Cet été, j’aimerais prendre le temps de relire La Ballade de la mer salée d’Hugo Pratt, premier véritable roman en bande dessinée et premier volet des aventures de Corto Maltese, paru d’abord en italien dans une revue en 1967 et traduit en français dans un album publié par Casterman en 1975.
En art comme dans la nature, il existe des états instables. Ainsi, l’eau posée sur le feu, après un moment, cesse d’être cent pour cent liquide et n’est pourtant pas encore vapeur : elle bout. Ainsi bout l’œuvre poétique incomparable de Baudelaire dans un état intermédiaire entre le romantisme et la modernité. Ainsi bout l’album Sgt Peppers des Beatles entre la musique de danse et le rock psychédélique. Ainsi bout La Ballade de la mer salée, qui correspond à cet état instable et précieux séparant la bande dessinée d’aventures pour adolescents ou pour enfants d’une bande dessinée autre, adulte, poétique, politique. Il y a encore un héros, mais celui-ci n’est plus du tout inscrit dans le schéma manichéen des bons et des mauvais. Corto Maltese est d’abord un pirate, et, qui plus est, un personnage secondaire, dont l’importance augmente très lentement au fil de ce long récit. Et celui qui ressemble le plus à un vrai méchant, le terrible Raspoutine, est attachant à sa manière. Tous les personnages existent, sont pluriels, partagés, humains : Cranio, Mélanésien aux propos indépendantistes, Tarao, le marin impassible, Christian Slutter, l’officier allemand obéissant malgré lui à des ordres qu’il réprouve, le Moine, chef énigmatique des pirates, Caïn, leur prisonnier, à la fois innocent et arrogant… Et, enfin, la cousine de Caïn, Pandora. Pandora… Un vrai personnage féminin fort et intelligent, n’ayant rien à voir avec les pin-up qui vont bientôt peupler la bande dessinée pour adultes.

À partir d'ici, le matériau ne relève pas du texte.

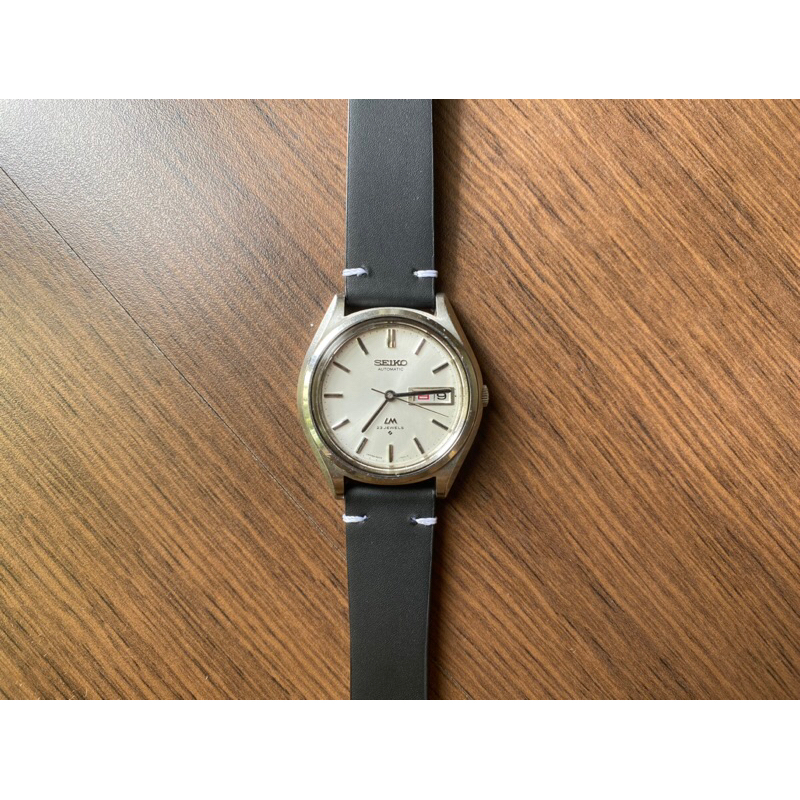 SEIKO VINTAGE 精工 復古 古董錶 自動錶 機械錶 自動上鍊 LM 5606-7070 古董表 收藏 美品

La Ballade de la mer salée, malgré le nombre élevé de ses pages, est un pur moment de grâce artistique. Une porte qui s’ouvre : tout semble possible, alors, à ce moment-là, dans l’histoire de la bande dessinée… Depuis lors, un très petit nombre de ces possibles a été exploité. Mais ce n’est pas grave, il nous reste une trace de ce vacillement salutaire : l’album de Pratt, qui ne vieillit pas.
Enfin, au cœur de ce long bouillonnement, à la fin du volume, une page bout une seconde fois, bout au carré, une page durant laquelle une histoire d’amour semble s’ébaucher pour s’interrompre aussitôt. Elle est là, en puissance, presque silencieuse, et tire une part de sa splendeur de n’être pas exploitée (elle non plus). En voici le dialogue :
– Hé ! Bijou romantique !
– Bonjour Corto Maltese.
– Eh ! Mais comme tu es belle ! Tu me fais penser à un tango d’Arola que j’écoutais au cabaret « Parda Flora » à Buenos Aires.
– Il y avait peut-être quelqu’un qui me ressemblait.
– Non, c’est justement parce que tu ne ressembles à personne que j’aurais voulu te rencontrer toujours… n’importe où…
– Je ne viendrai pas avec vous Corto Maltese !
– Je sais !… Adieu Pandora !
À mes yeux, oui, la plus belle page de toute l’histoire de la bande dessinée.